The unique needs of the Canadian market were reflected in the latest addenda to the Leadership in Energy and Environmental Design (LEED) rating system. They include an alternative compliance pathway (ACP) that shifts the focus from energy cost to energy usage.
The LEED v4 and LEED v4.1 zEPI Pilot ACP was accepted by the U.S. Green Building Council (USGBC), LEED’s governing body, before being included in the most recent addenda. It follows over a year of effort by the Canada Green Building Council (CaGBC) its Technical Advisory Group (TAG) and Steering Committee volunteers as well as key stakeholders.

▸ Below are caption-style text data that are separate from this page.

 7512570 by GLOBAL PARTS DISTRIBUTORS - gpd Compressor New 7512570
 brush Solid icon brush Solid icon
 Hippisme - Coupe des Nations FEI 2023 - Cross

“The Canadian building sector operates in an evolving market driven by changing climate change policy and regulation,” said Mark Hutchinson, Vice President of Green Building Programs at CaGBC. “The ACP process enables us to identify and research approaches that evolve LEED for the needs of the Canadian market and deliver on more efficient, climate-resilient buildings.”

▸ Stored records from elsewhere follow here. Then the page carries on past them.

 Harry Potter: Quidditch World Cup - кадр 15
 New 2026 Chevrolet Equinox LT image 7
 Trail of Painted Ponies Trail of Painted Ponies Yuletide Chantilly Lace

As an option, LEED projects can now use reductions in energy consumption and GHG emissions to evaluate energy performance by leveraging the Zero Energy Performance Index (zEPI) calculation methodology.

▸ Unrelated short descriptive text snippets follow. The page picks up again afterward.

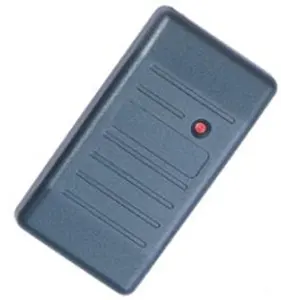 Outdoor Door Card Reader RFID RS232 RS485 TTL Serial Port 125Khz EM4100 Card Wall Mount IF Smart RFID Access Card Reader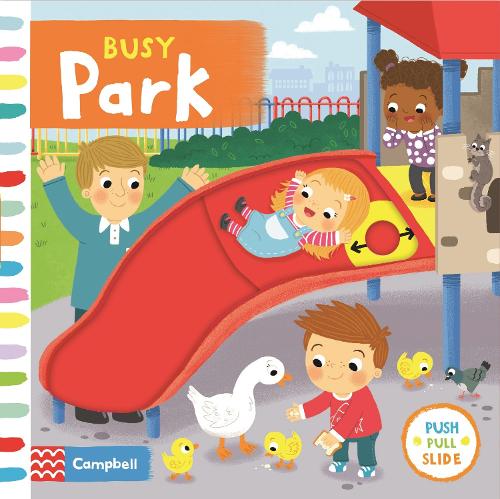 Busy Park (Busy Books)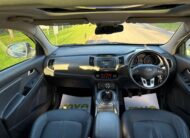 2014 KIA SPORTAGE 1.7 CRDI 3 StationWagon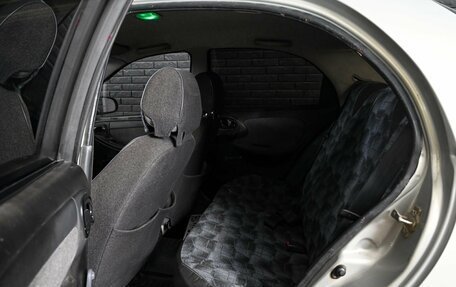 Chevrolet Lanos I, 2007 год, 150 000 рублей, 10 фотография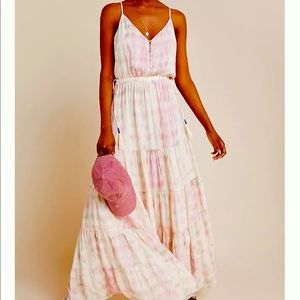 DOLAN maxi dress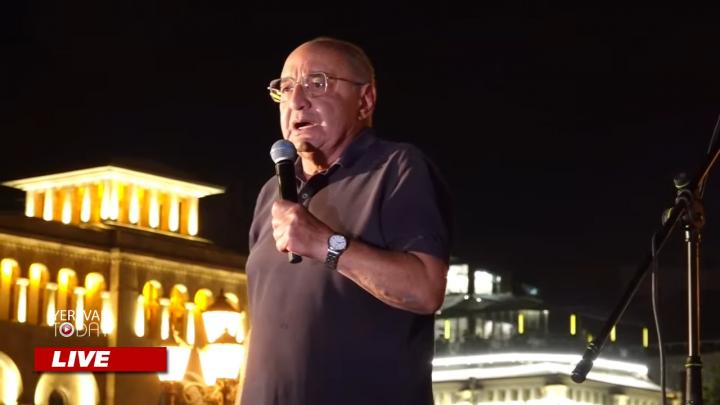 Իհարկե՝ լավ կլինի, որ կարգին մարդ գա իշխանության, բայց մենակ թե սա գնա․ Վազգեն Մանուկյան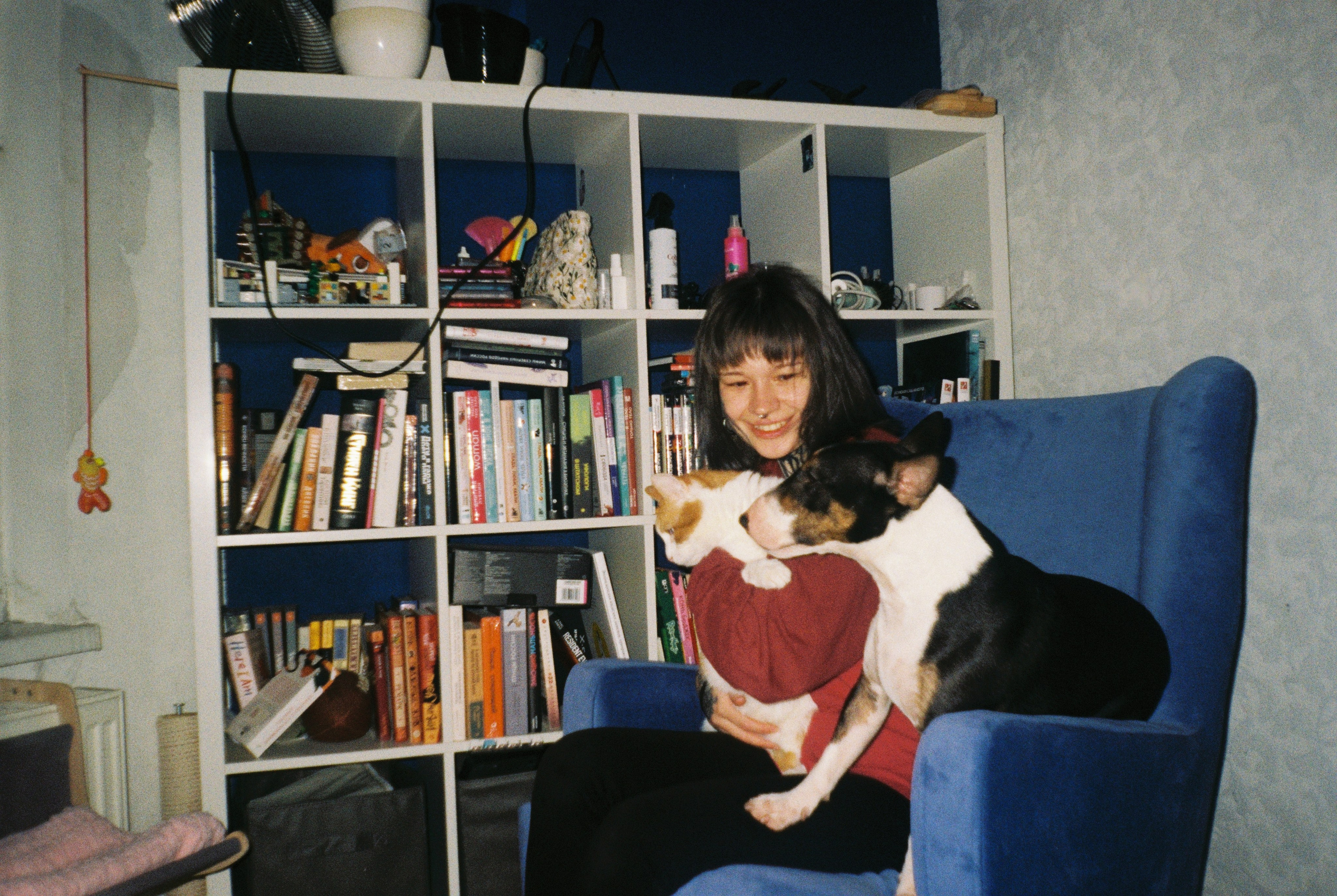 Плёнка. Человек в Шляпе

With this new ACP, projects can use any version of the National Energy Code of Canada for Buildings (NECB) or ASHRAE 90.1 cited by the local authority and avoid the need to perform additional energy modelling under a different standard or version.
By shifting focus to energy consumption rather than energy cost, projects can avoid distortions caused by differences in fuel costs. Taken together, energy consumption and GHG metrics will help incentivize efficient, low-carbon designs and align LEED with Canadian market conditions and requirements.
It is anticipated that these addenda, including this ACP, represent the last significant updates to LEED v4.1 BD+C and ID+C before going to ballot, likely in 2021.